Dataset excerpts: Begin

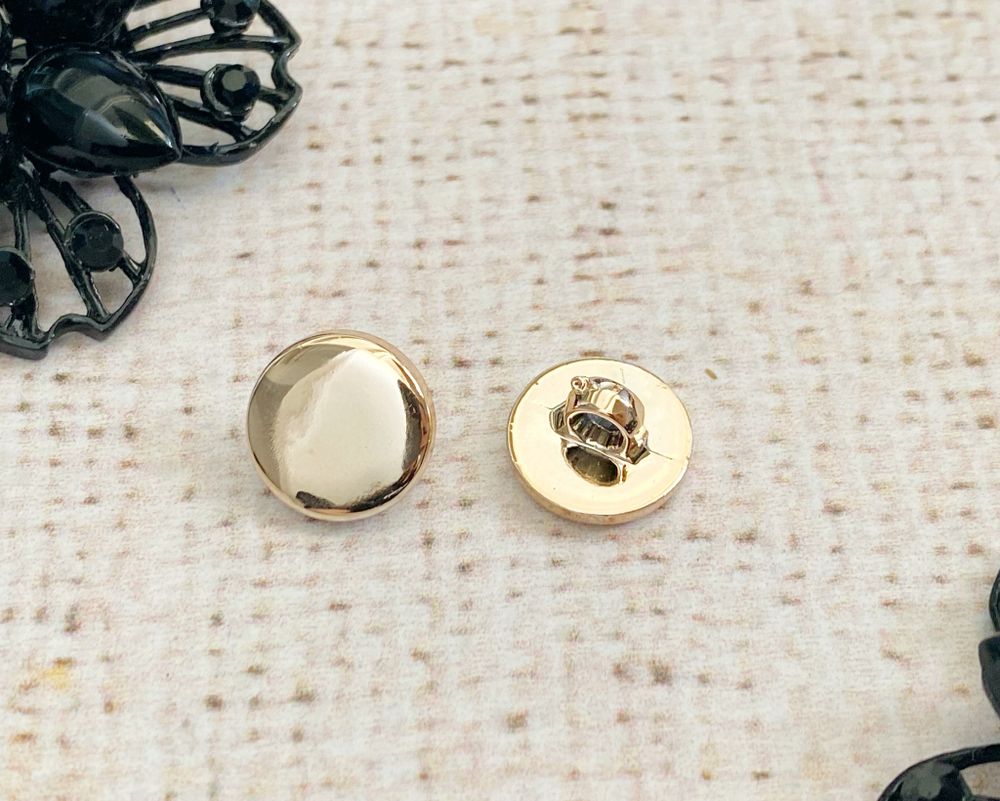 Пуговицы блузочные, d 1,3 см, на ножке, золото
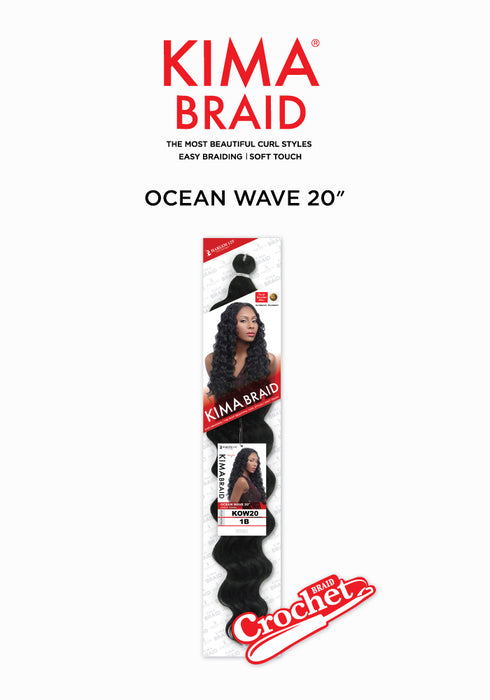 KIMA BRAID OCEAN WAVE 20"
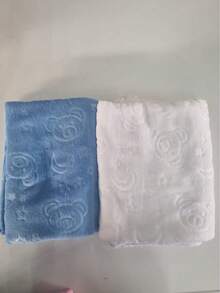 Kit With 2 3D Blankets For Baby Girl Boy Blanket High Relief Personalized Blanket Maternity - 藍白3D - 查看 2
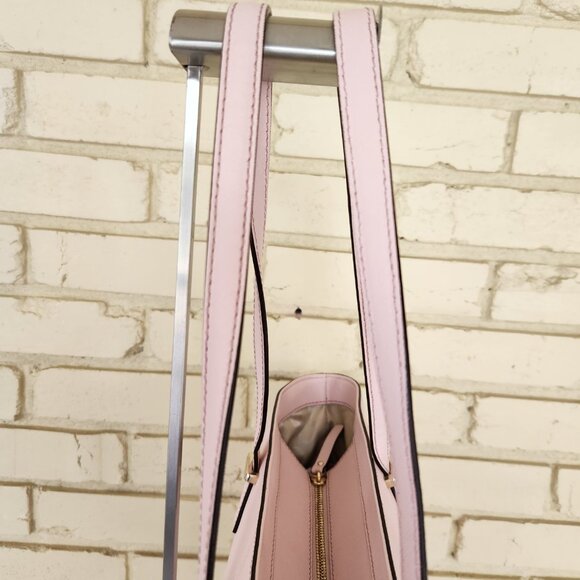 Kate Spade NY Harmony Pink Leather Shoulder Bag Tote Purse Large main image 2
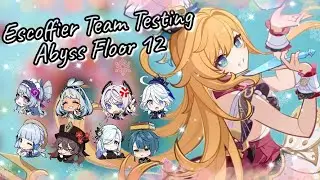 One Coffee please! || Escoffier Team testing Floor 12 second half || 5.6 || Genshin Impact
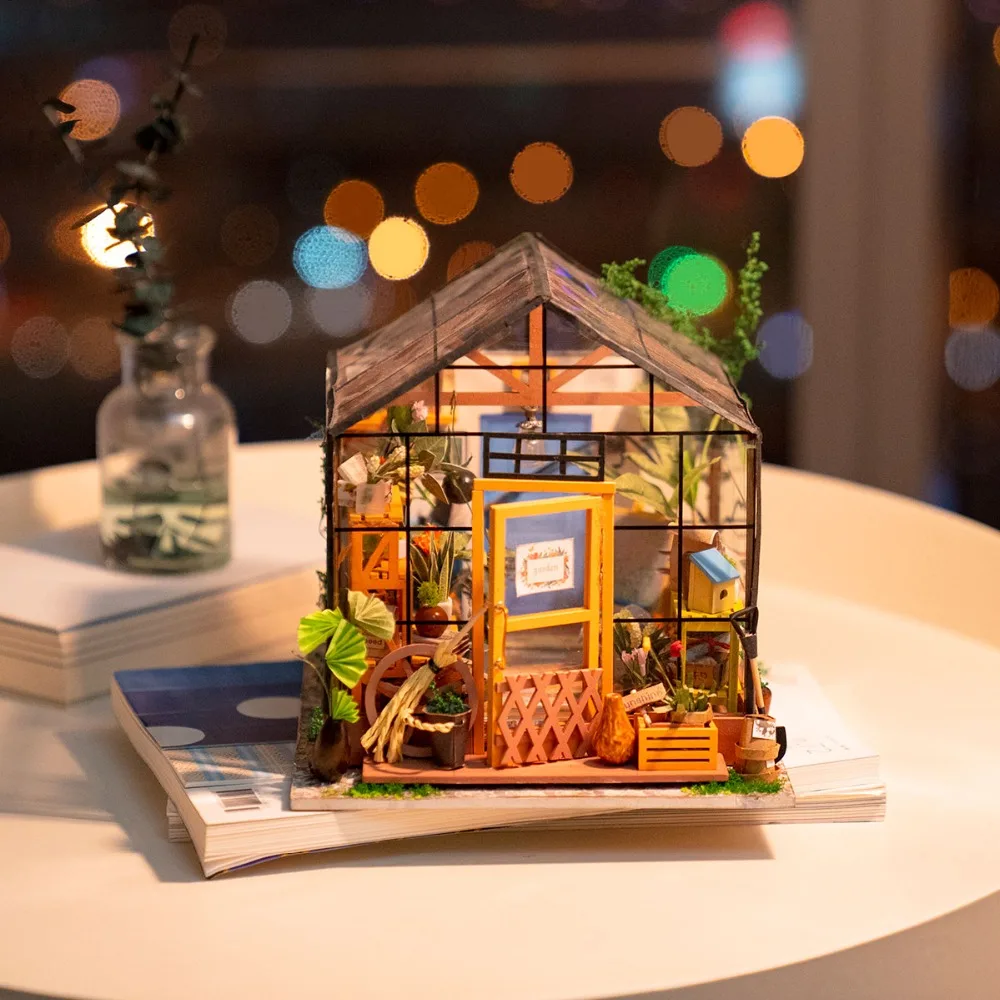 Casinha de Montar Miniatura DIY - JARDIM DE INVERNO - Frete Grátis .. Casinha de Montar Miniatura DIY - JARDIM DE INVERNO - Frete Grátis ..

Dataset excerpts: End

**Task to complete:** Write out again exactly the lines above from the one with "KIMA BRAID OCEAN" through the one with "One Coffee please!", adding no other lines and no pictures.

**Solution to this task:**
 KIMA BRAID OCEAN WAVE 20"
 Kit With 2 3D Blankets For Baby Girl Boy Blanket High Relief Personalized Blanket Maternity - 藍白3D - 查看 2
 Kate Spade NY Harmony Pink Leather Shoulder Bag Tote Purse Large main image 2
 One Coffee please! || Escoffier Team testing Floor 12 second half || 5.6 || Genshin Impact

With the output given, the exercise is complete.